Teria de arcar com as consequências. Dolorosas consequências.
— O gato por acaso comeu a sua língua?! – disse ríspido. O corpo de Lena se encolheu ainda mais embaixo da cama, já sentia as lágrimas se formarem em seus olhos – Se não me responder, eu mesmo darei para um deles comer!
Lena estremeceu, chiando baixinho como resposta.

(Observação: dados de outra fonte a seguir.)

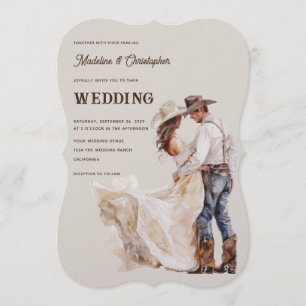 Westliche Ranch-Hochzeitseinladung Einladung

Sentia o suor acumular em sua testa, os cabelos molhados colando em seu rosto e o coração batendo tão forte que tinha a certeza de que seu pai estava ouvindo.
— Contarei até três para sair daí – disse. Lena tinha plena consciência que deveria sair, mas estava paralisada de medo, todos os seus músculos travaram com a imagem de seu pai segurando a longa cinta de couro, usada pela última vez quando a menor quebrou uma das garrafas de vinho francesas.
— Um – ele sussurrou, Lena chegou a identificar um traço de riso na voz de seu pai, fazendo seus dedos suarem.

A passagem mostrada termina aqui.